→ **Exercise requirements**
Return the line containing "In today's video" and every line beneath it through the end of the entries below, unchanged. Pictures stay out.

Stored items from a collection:
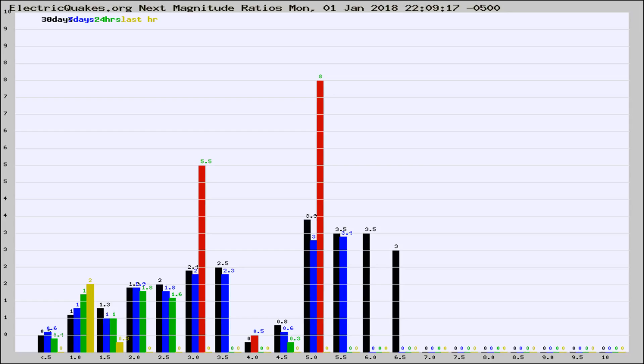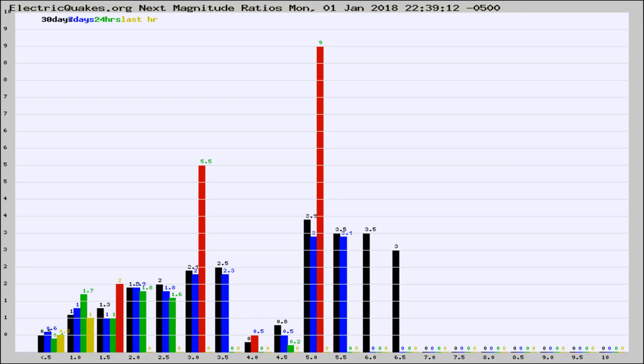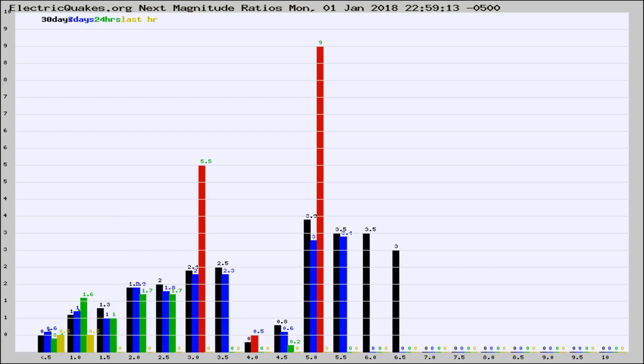Now you're seeing the next magnitude ratios, which is a graph of the ratio of, say, magnitude 2 to the number of magnitude 3s, which should stay consistent for any given area. If it changes between the last 30 days, 7 days, 24 hours, and last hour, it may indicate something unusual happening in that area.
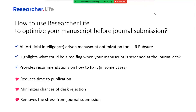Today we'll talk about researcher.life's manuscript optimization tool that basically checks your manuscript if it is submission ready and flags things that could be problematic when screened by the journal. It also provides recommendations on how to fix many of these issues, thereby significantly reducing the time to publication by eliminating all of the back and forth with journal editors.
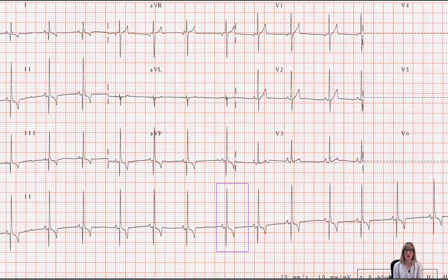The next waveforms are collectively referred to as the QRS complex. The QRS complex represents ventricular depolarization. In this particular heartbeat, we see a negative deflection followed by a positive deflection. The positive deflection components are always termed R-waves, so the R-wave is the positive part. The Qs and Ss are negative deflections in reference to the R. Any negative deflection that precedes the positive within the QRS complex is called a Q wave. Here, the morphology of our QRS complex is specifically a QR complex.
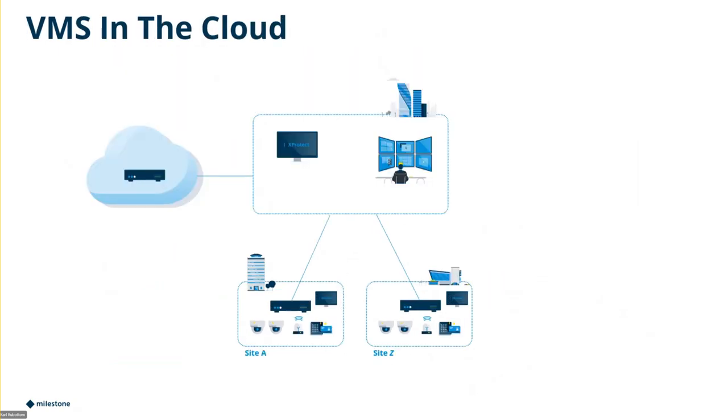When we're looking at just the VMS in the cloud itself, when it's only just moving XProtect up, we're still going to have VPN connections and stuff to get things up to site.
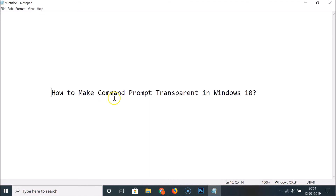In this way you can easily make Command Prompt transparent in Windows 10. Thanks for watching — if you like my videos, please support this channel by subscribing to it. Thanks, bye bye.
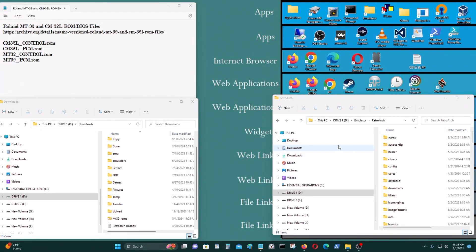In today's video I'm going to show you how to use the Roland MT-32 MIDI sound synthesizer on RetroArch using DOSBox core. So let's begin.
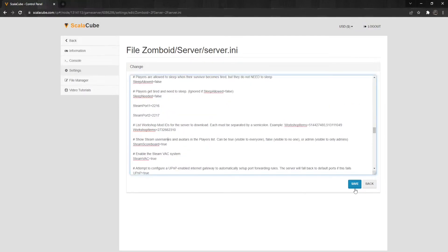If adding multiple mods, mod ID and mod workshop ID must have separate mods added by a semicolon.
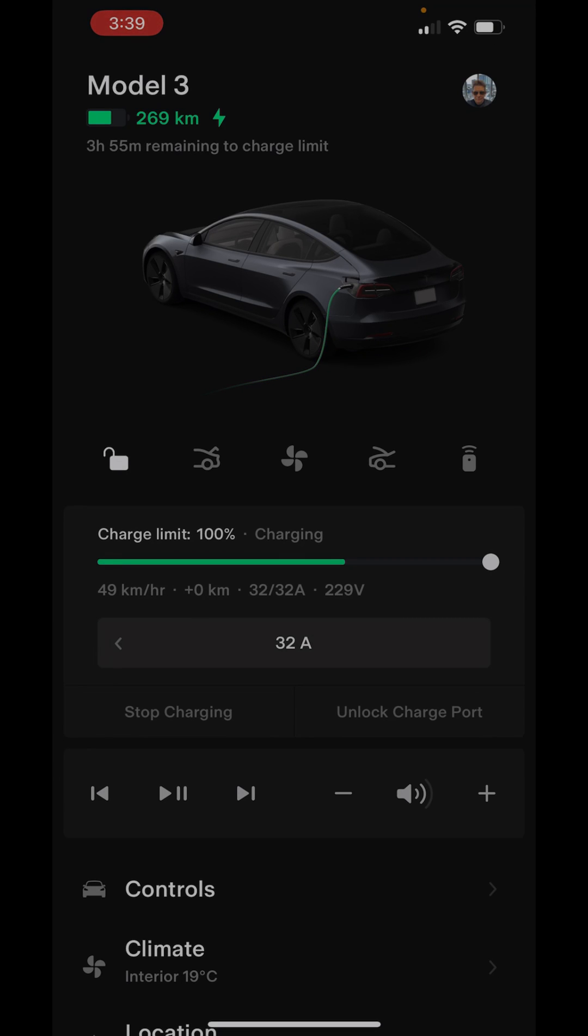You can see here by the screenshot this is turning the charging on. I just put it on, so we're at 269 kilometers here and it's saying right now it'll be three hours and 55 minutes. It's at 32 amps, 49 kilometers per hour right now. That might go up a little bit more because I just plugged it in.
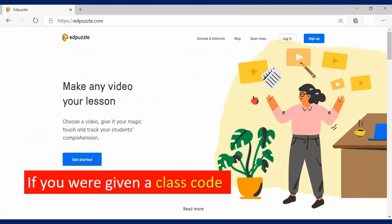So if you're given a class code, the first thing you're going to do is go to Edpuzzle.com in your web browser. Then you will click the Sign Up button.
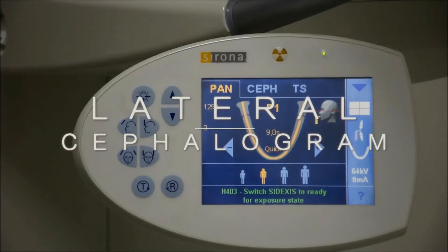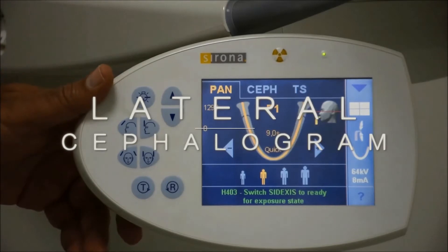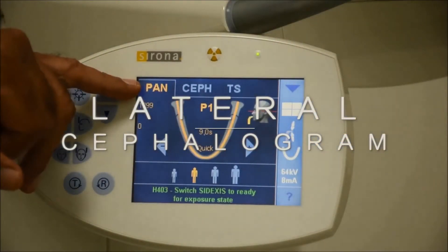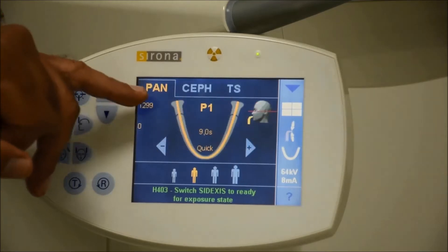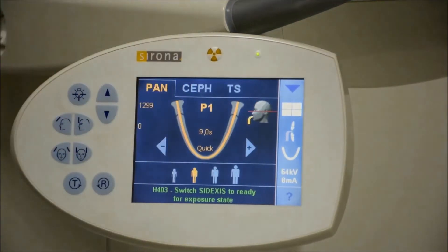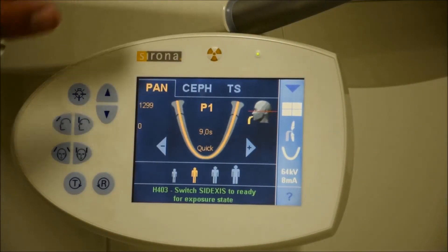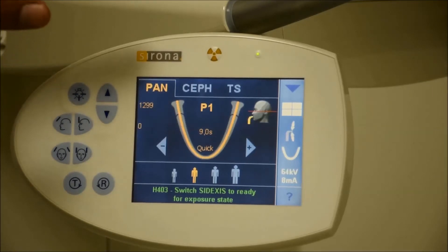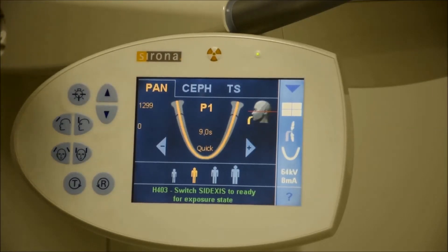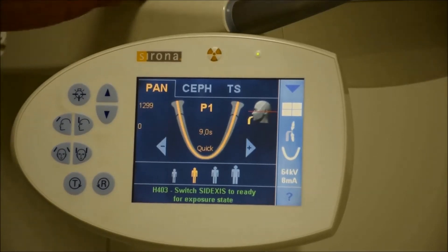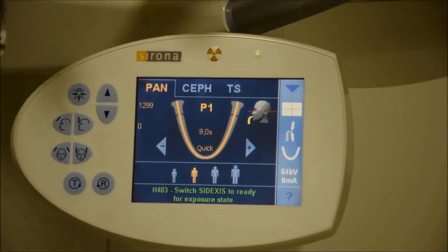Beyond the panoramic mode, we can also take two or three other modes, including the lateral ceph. You can activate it through Axiom the regular way, the same way that we have activated the machine for panoramic exposure.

→ **Your solution**
In today's video I'm going to show you how to use the Roland MT-32 MIDI sound synthesizer on RetroArch using DOSBox core. So let's begin.
If adding multiple mods, mod ID and mod workshop ID must have separate mods added by a semicolon.
You can see here by the screenshot this is turning the charging on. I just put it on, so we're at 269 kilometers here and it's saying right now it'll be three hours and 55 minutes. It's at 32 amps, 49 kilometers per hour right now. That might go up a little bit more because I just plugged it in.
So if you're given a class code, the first thing you're going to do is go to Edpuzzle.com in your web browser. Then you will click the Sign Up button.
Beyond the panoramic mode, we can also take two or three other modes, including the lateral ceph. You can activate it through Axiom the regular way, the same way that we have activated the machine for panoramic exposure.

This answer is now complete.